Update number of microbatches.

class core.num_microbatches_calculator.ConstantNumMicroBatchesCalculator(
global_batch_size: int,
micro_batch_size: int,
data_parallel_size: int,
decrease_batch_size_if_needed: bool,
rank: int,
)#

Bases: core.num_microbatches_calculator.NumMicroBatchesCalculator

Calculator of number of microbatches with constant global batch size.

Parameters:
  • global_batch_size (int) – Global batch size.

  • micro_batch_size (int) – Micro batch size.

  • data_parallel_size (int) – Data parallel size.

  • decrease_batch_size_if_needed (bool) – If true, decrease batch size to ensure divisibility by DP size * microbatch size (if needed).

  • rank (int) – Rank (to determine whether logging should be performed).

Initialization

update(consumed_samples, consistency_check, verbose=False) None#
class core.num_microbatches_calculator.StepBatchsizeNumMicroBatchesCalculator(
micro_batch_size: int,
data_parallel_size: int,
decrease_batch_size_if_needed: bool,
rank: int,
schedule: str,
seq_length: Optional[int] = None,
)#

Bases: core.num_microbatches_calculator.NumMicroBatchesCalculator

Calculator of number of microbatches with arbitrary step-wise batch size schedule.

Parameters:
  • micro_batch_size (int) – Micro batch size.

  • data_parallel_size (int) – Data parallel size.

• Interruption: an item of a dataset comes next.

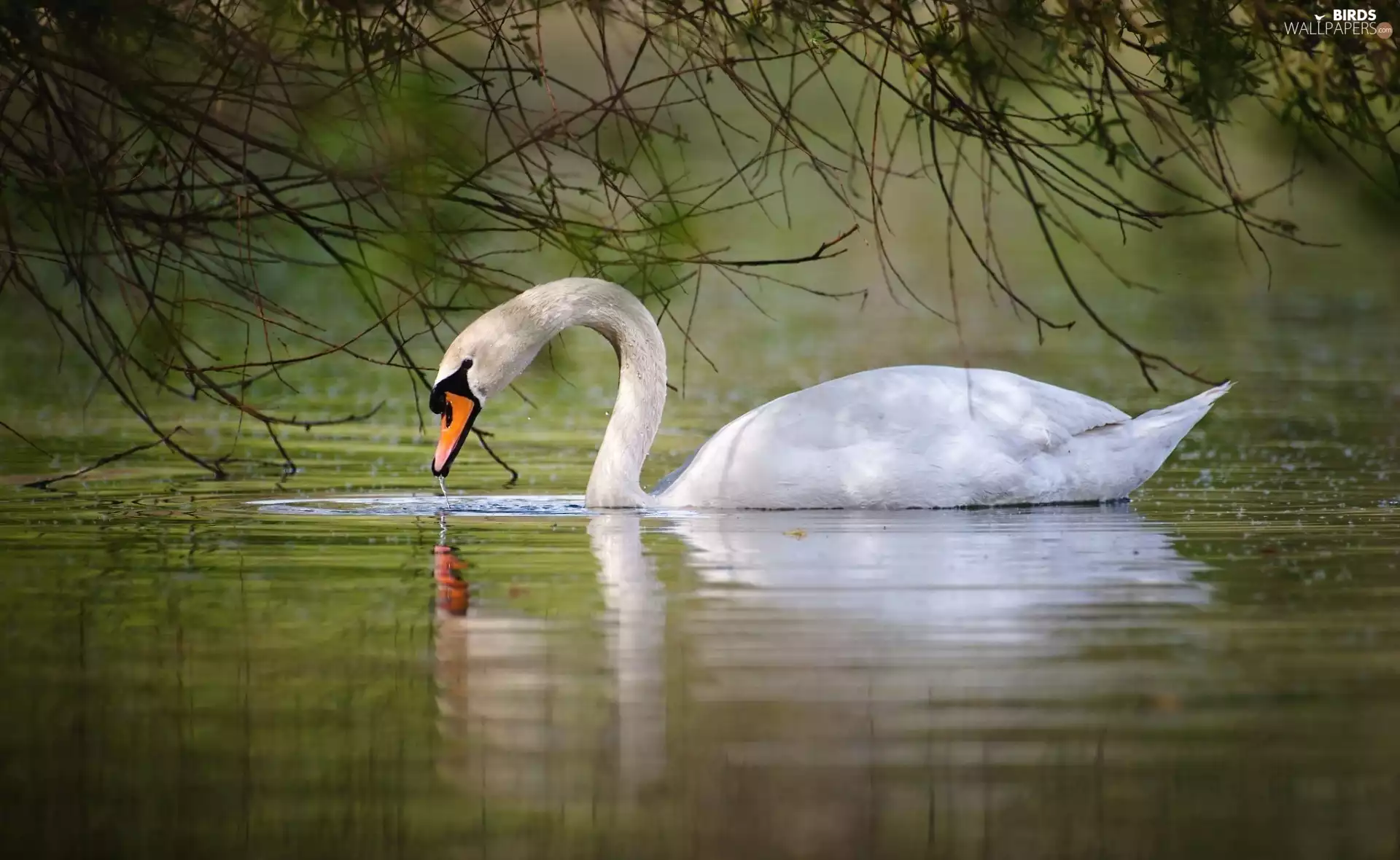 swan, water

  • decrease_batch_size_if_needed (bool) – Must be False. Step schedules do not support decreasing batch size for divisibility.

  • rank (int) – Rank for logging.

  • schedule (str) –

    Schedule string in format “THRESHOLD:BS THRESHOLD:BS …”. Thresholds support suffixes: K (1e3), M (1e6), B (1e9), T (1e12). .. rubric:: Examples

    ”0:768 250B:1536 500B:3072 750B:6144” (thresholds in tokens) “0:768 61035156250:1536” (thresholds in samples)

  • seq_length (int, optional) – Sequence length for token-to-sample conversion. If provided, thresholds are interpreted as tokens and converted to samples. If None, thresholds are interpreted as samples directly.

Initialization

static _parse_numeric_value(value_str: str) int#

Parse numeric value with optional suffix (K, M, B, T).

classmethod _parse_schedule(
schedule_str: str,
seq_length: Optional[int],
) List[Tuple[int, int]]#

Parse schedule string into list of (threshold_samples, batch_size) tuples.

Parameters:
  • schedule_str – Space-separated “THRESHOLD:BATCH_SIZE” pairs.

  • seq_length – If provided, convert thresholds from tokens to samples.

Returns:

List of (threshold_samples, batch_size) tuples, sorted by threshold.

_validate_schedule() None#

Validate the parsed schedule.

_get_batch_size_for_samples(consumed_samples: int) int#

Get the batch size for the given number of consumed samples.

update(
consumed_samples: int,
consistency_check: bool,
verbose: bool = False,
) None#

Update number of microbatches based on consumed samples.

Parameters:
  • consumed_samples (int) – Number of samples consumed.

  • consistency_check (bool) – Check divisibility constraints.

  • verbose (bool) – Enable logging.